EXERCISE BRIEF>
What is needed is an exact retyping of the records below, from the first line through the line that contains "Used 2020 Mitsubishi".

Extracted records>
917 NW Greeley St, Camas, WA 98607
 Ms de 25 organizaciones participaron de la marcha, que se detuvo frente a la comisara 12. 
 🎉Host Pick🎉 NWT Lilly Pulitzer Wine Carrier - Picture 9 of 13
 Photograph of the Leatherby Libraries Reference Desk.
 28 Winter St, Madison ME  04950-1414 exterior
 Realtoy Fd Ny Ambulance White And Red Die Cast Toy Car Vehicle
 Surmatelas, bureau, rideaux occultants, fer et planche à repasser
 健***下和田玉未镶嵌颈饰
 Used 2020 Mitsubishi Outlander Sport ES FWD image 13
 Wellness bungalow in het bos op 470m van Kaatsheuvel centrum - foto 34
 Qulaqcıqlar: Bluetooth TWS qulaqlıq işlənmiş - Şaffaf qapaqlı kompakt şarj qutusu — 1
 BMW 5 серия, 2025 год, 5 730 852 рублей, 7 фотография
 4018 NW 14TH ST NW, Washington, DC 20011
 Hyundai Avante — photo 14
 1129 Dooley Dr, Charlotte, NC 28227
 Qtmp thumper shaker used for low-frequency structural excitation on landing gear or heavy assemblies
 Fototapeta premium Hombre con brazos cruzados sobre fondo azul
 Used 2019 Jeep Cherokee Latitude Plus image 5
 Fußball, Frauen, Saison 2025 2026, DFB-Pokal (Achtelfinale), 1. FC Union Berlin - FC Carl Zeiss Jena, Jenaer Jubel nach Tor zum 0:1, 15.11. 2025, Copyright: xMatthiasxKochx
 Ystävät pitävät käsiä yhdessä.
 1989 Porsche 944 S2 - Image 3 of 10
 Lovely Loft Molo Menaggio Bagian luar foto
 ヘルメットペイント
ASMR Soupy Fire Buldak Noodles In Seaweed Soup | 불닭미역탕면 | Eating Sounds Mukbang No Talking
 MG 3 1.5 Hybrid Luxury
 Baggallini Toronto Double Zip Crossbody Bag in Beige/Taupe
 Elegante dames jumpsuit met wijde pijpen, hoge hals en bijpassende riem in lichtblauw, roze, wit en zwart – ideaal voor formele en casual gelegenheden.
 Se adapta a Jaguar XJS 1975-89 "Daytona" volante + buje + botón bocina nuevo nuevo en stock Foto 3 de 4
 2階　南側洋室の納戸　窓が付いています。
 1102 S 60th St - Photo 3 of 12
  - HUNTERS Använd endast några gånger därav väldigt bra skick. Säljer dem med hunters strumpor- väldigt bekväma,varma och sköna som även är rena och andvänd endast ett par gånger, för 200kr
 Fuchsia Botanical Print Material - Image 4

ANSWER TO THE PROBLEM>
917 NW Greeley St, Camas, WA 98607
 Ms de 25 organizaciones participaron de la marcha, que se detuvo frente a la comisara 12. 
 🎉Host Pick🎉 NWT Lilly Pulitzer Wine Carrier - Picture 9 of 13
 Photograph of the Leatherby Libraries Reference Desk.
 28 Winter St, Madison ME  04950-1414 exterior
 Realtoy Fd Ny Ambulance White And Red Die Cast Toy Car Vehicle
 Surmatelas, bureau, rideaux occultants, fer et planche à repasser
 健***下和田玉未镶嵌颈饰
 Used 2020 Mitsubishi Outlander Sport ES FWD image 13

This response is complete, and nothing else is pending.